Academic Merit, Plagiarism, Collusion and Other Misconduct

You should read and understand the statement on academic merit, plagiarism, collusion and other misconduct contained within the course profile and the document referenced in that course profile. You must not show your code to or share your code with any other student under any circumstances. You must not post your code to public discussion forums or save your code in publicly accessible repositories. You must not look at or copy code from any other student. All submitted files will be subject to electronic plagiarism detection and misconduct proceedings will be instituted against students where plagiarism or collusion is suspected. The electronic plagiarism detection can detect similarities in code structure even if comments, variable names, formatting etc. are modified. If you copy code, you will be caught.

Grading Note

As described in the course profile, if you do not score at least 10% on this assignment (before any late penalty) then your course grade will be capped at a 3 (i.e. you will fail the course). If you do not obtain at least 50% on this assignment (before any late penalty), then your course grade will be capped at a 5. Your assignment mark (after any late penalty) will count 20% towards your final course grade.
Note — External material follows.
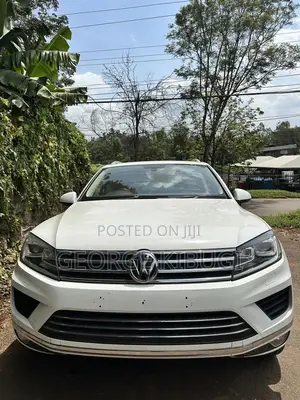 Volkswagen Touareg 2016 White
     CSSE2010/CSSE7201 Assignment 2, Semester 1, 2023 1

Program Description

The program you will be provided with has several C files which contain groups of related functions. The files provided are described below. The corresponding .h files (except for project.c) list the functions that are intended to be accessible from other files. You may modify any of the provided files. You must submit ALL files used to build your project, even if you have not modified some provided files. Many files make assumptions about which AVR ports are used to connect to various IO devices. You are encouraged not to change these.
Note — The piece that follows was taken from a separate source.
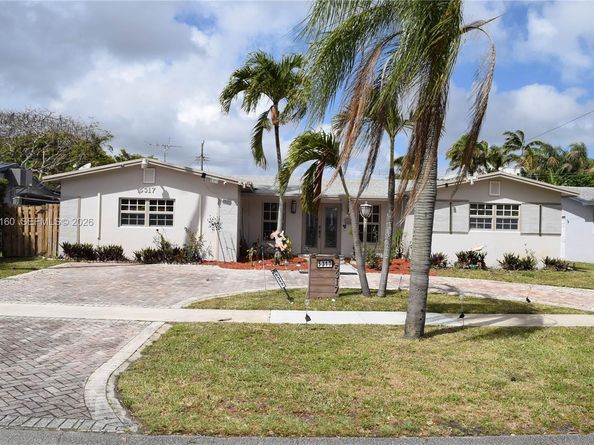 5317 Van Buren St, Hollywood FL 33021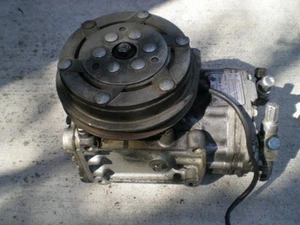 Porsche 911 A/C Compressor - Picture 1 of 8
• project.c – this is the main file that contains the game event loop and examples of how time- based events are implemented. You should read and understand this file.

• game.c/.h – this file contains the implementation of the game components and is used to store the state of the game. You should read this file and understand what representation is used for the game state and the ball and paddle positions. You will need to modify this file to add required functionality.

• display.c/.h – this file contains the implementation for displaying the current state of the board. This file contains useful functions for displaying the board to the LED matrix.

• buttons.c/.h – this contains the code which deals with the push buttons. It sets up pin change interrupts on those pins and records rising edges (buttons being pushed).

• ledmatrix.c/.h – this contains functions which give easier access to the services provided by the LED matrix. It makes use of the SPI routines implemented in spi.c.

• pixel_colour.h – this file contains definitions of some useful colours for use with the LED matrix.

• serialio.c/.h – this file is responsible for handling serial input and output using interrupts. It also maps the C standard IO routines (e.g. printf() and fgetc()) to use the serial interface so you are able to use printf() etc for debugging purposes if you wish. You should not need to look in this file, but you may be interested in how it works and the buffer sizes used for input and output (and what happens when the buffers fill up).

• terminalio.c/.h – this encapsulates the sending of various escape sequences which enable some control over terminal appearance and text placement – you can call these functions (declared in terminalio.h) instead of remembering various escape sequences. Additional information about terminal IO will be provided on the course Blackboard site.

• spi.c./h – this file encapsulates all SPI communication. Note that by default, all SPI communication uses busy waiting (i.e. polling) – the “send” routine returns only when the data is sent. If you need the CPU cycles for other activities, you may wish to consider converting this to interrupt based IO, similar to the way that serial IO is handled.

• timer0.c/.h – sets up a timer that is used to generate an interrupt every millisecond and update a global time value that is used to time various game events (such as the Pong ball movement). This can be useful for implementing any features that require precise timing.

  CSSE2010/CSSE7201 Assignment 2, Semester 1, 2023 2

Pong Description

This assignment involves creating a replica of the classic arcade game ‘Pong’. Pong is a two-player game that simulates a game of table tennis. Each player has a ‘paddle’ on their side of the screen (left for Player 1 and right for Player 2), which they can control along the vertical axis. Each paddle can be used to deflect the ball, so that the ball can be rallied back and forth across the playing area. The goal of the game is to get the ball past the opposite player’s paddle so that it hits the back wall (scoring a point). This version of the game is over once a player reaches three points. An overview of the game is shown in Figure 1.

 Figure 1: Pong playing field with labels.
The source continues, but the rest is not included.